Persons who are not making their own butter can secure satisfactory results by getting fresh butter made from sweet cream and packing it as described. Such butter may be obtained of near-by creameries in wholesale lots. The best time to buy is from the middle of May to the middle of July.

Storage Of Fruit

Fruit should be picked carefully and without bruising, and should be placed in storage as soon as possible. It may be packed in barrels or boxes or placed in open trays. When the latter method is used and it is desired to keep the fruit in particularly fine condition, the specimens should not be allowed to touch one another. Apples that are to be kept for a considerable time, whether exposed or in packages, should be wrapped separately. Light manila wrappers, 10 by 10 inches, may be used.

Fruit stored in the cellar frequently does not keep well; it either shrivels or becomes spongy and decays. This fault, which often lies in the storage room, may be corrected wholly or in part. A fruit cellar should be well ventilated. The principle of physics that warm air rises and cool air settles, is applicable here. Warm air should be permitted to pass out at the top of the room through ventilators, and cool air from outside should be admitted to the room at the bottom (Fig. 121). In a cellar this can be accomplished by means of a shaft leading down the wall from a window and opening near the floor. A few windows at the top of the wall constitute the system of ventilation for most farm cellars. Although this arrangement is accepted as sufficient and in many cases gives fairly good satisfaction, the temperature cannot be kept so nearly uniform and correct as when intake shafts are used.
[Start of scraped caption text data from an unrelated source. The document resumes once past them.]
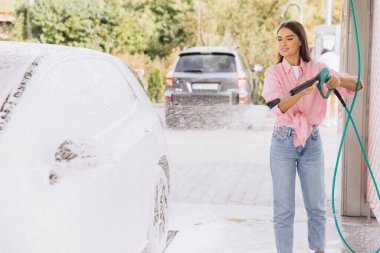 Gündelik giyinmiş genç bir kadın otomatikman araba yıkamada yüksek basınçlı bir hortumla arabasını mutlulukla yıkıyor. Sabunlu su aracı kaplıyor, temizlik sürecini vurguluyor..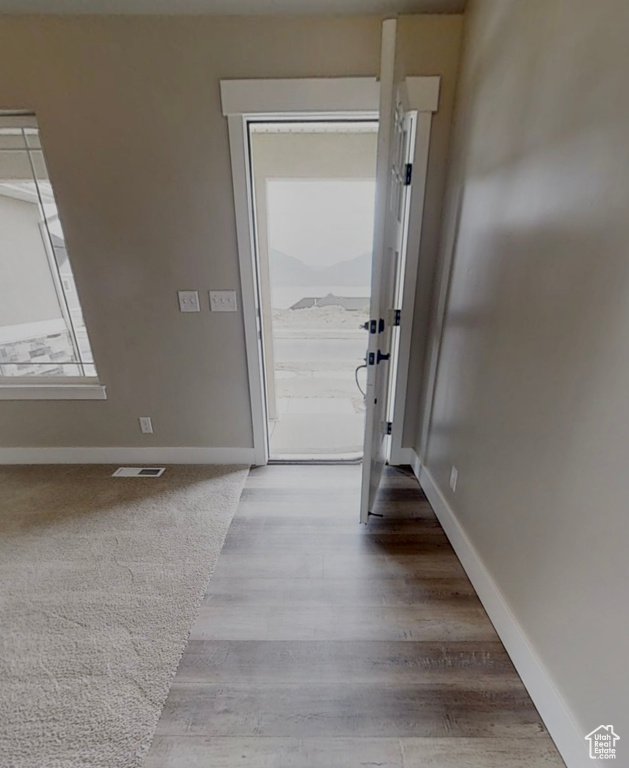 Foyer entrance featuring wood finished floors and baseboards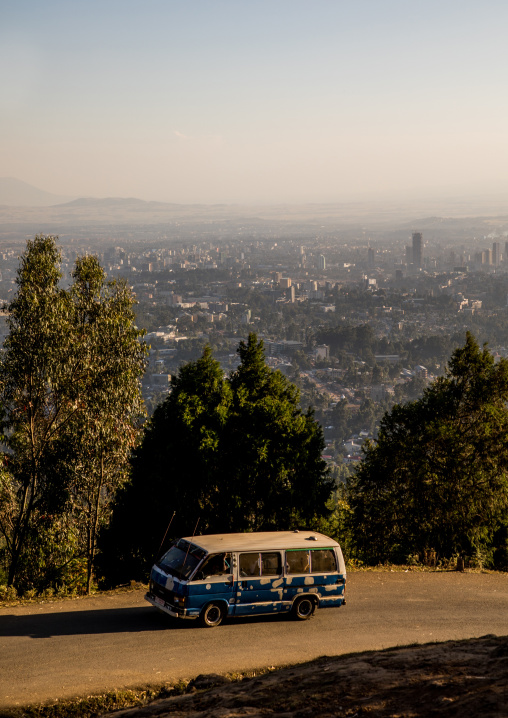 Bus passing in front of a panoramic view of the town seen from Entoto mountain, Addis Ababa Region, Addis Ababa, Ethiopia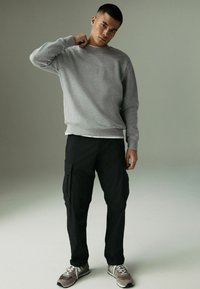 Grauer Baumwoll-Sweatshirt mit langen Ärmeln, kombiniert mit schwarzen Cargo-Hosen mit Seitentaschen und grauen Sneakers mit weißen Akzenten.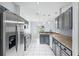 Kitchen featuring gray cabinets, stainless steel appliances, and bar seating at 2329 Towering Oaks Cir, Seffner, FL 33584
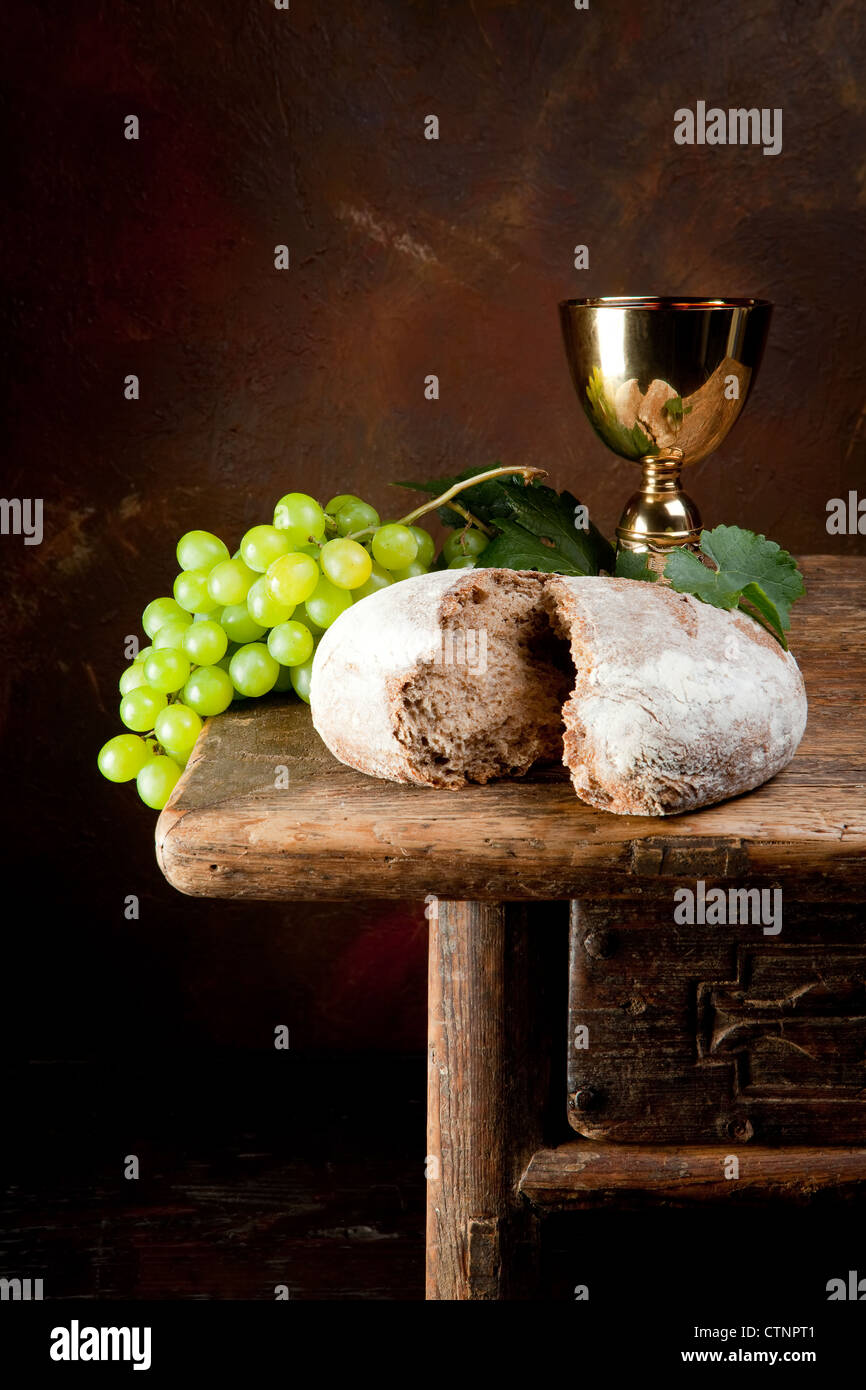 Sacred wine chalice with grapes and holy bread Stock Photo Alamy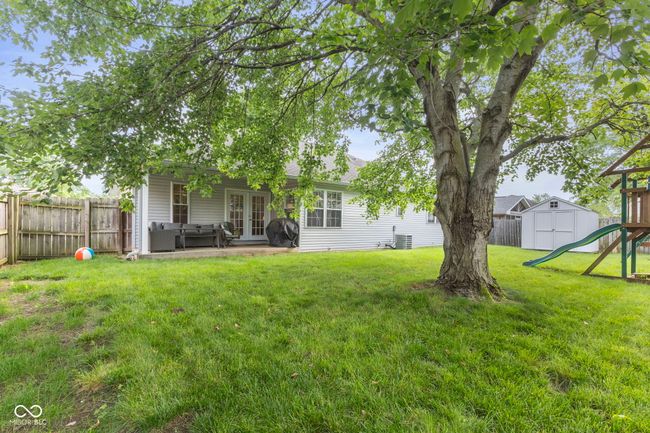 fenced backyard featuring french doors, a storage unit, a patio, and outdoor lounge area | Image 33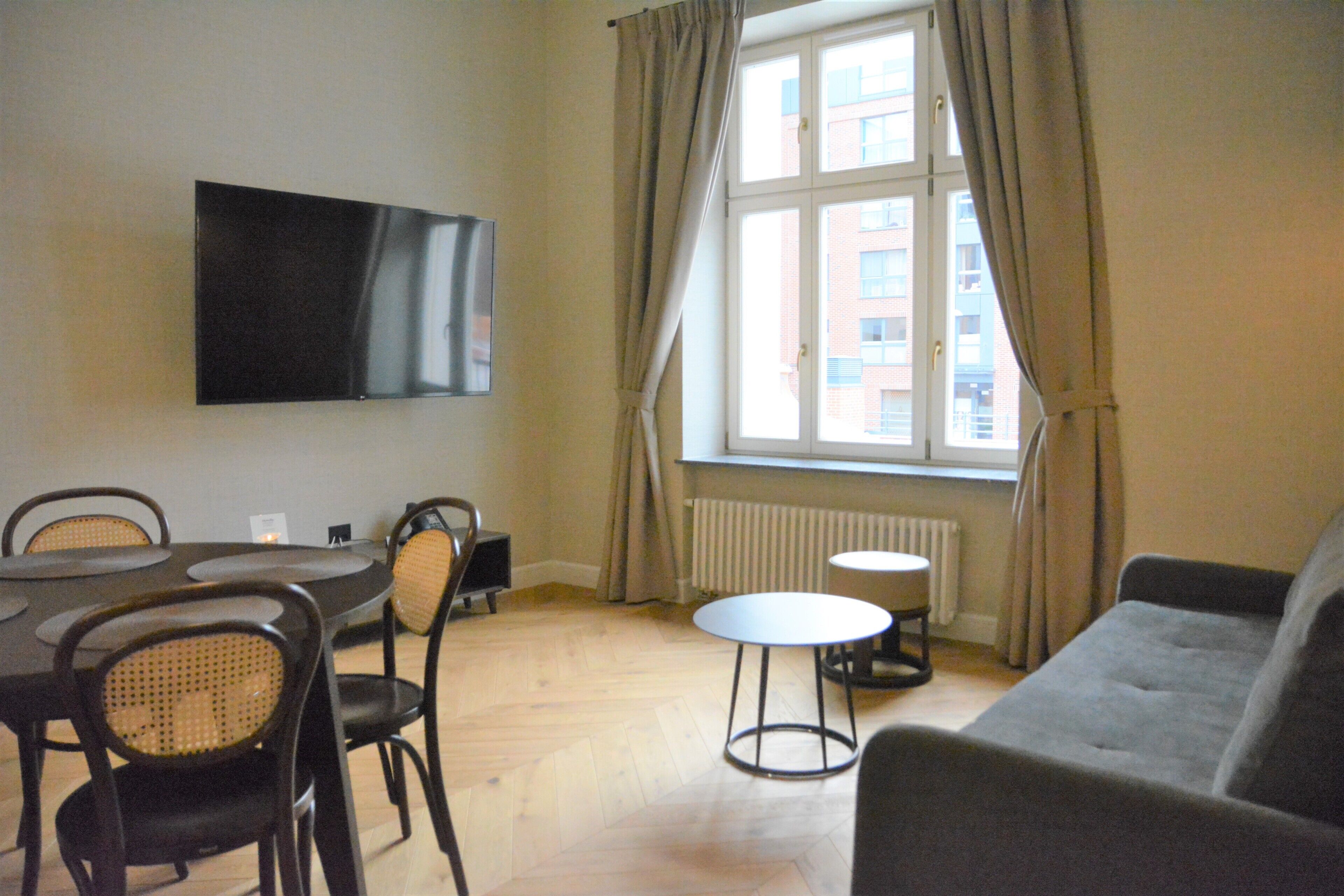 A room with a dining table, chairs, a sofa, a TV mounted on the wall, and a window with curtains.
* C. S. Wilson, Cornell Reading-Course for the Farm Home, Bull. 21.

Fig. 121

Fig. 121. - Cellar ventilation.

A uniform temperature of 50° F. in the cellar will keep fruit in good condition for months. The ideal temperature is about 31° or 32° F., but this cannot usually be maintained in a cellar. The temperature should not be permitted to fluctuate. Fruit that is kept at 34° F. during the night and at 60° F. during the day will soon decay. In the farm cellar, uniformity of temperature is maintained by means of the ventilation, which should be watched very closely. In cellars where it is impossible to control the temperature and humidity as desired, the fruit may be wrapped in paper and packed in hardwood sawdust.

Fruit may also be stored in pits. This method is described by L. H. Bailey as follows: "Many apples, particularly russets and other firm varieties, keep well when buried after the manner of pitting potatoes. Sometimes, however, they taste of the earth. This may be prevented by setting a ridge-pole over the pile of apples in forked sticks, and making a roof of boards in such a way that there will be an air space over the fruit. Then cover the boards with straw and earth. Apples seldom keep well after removal from a pit in spring."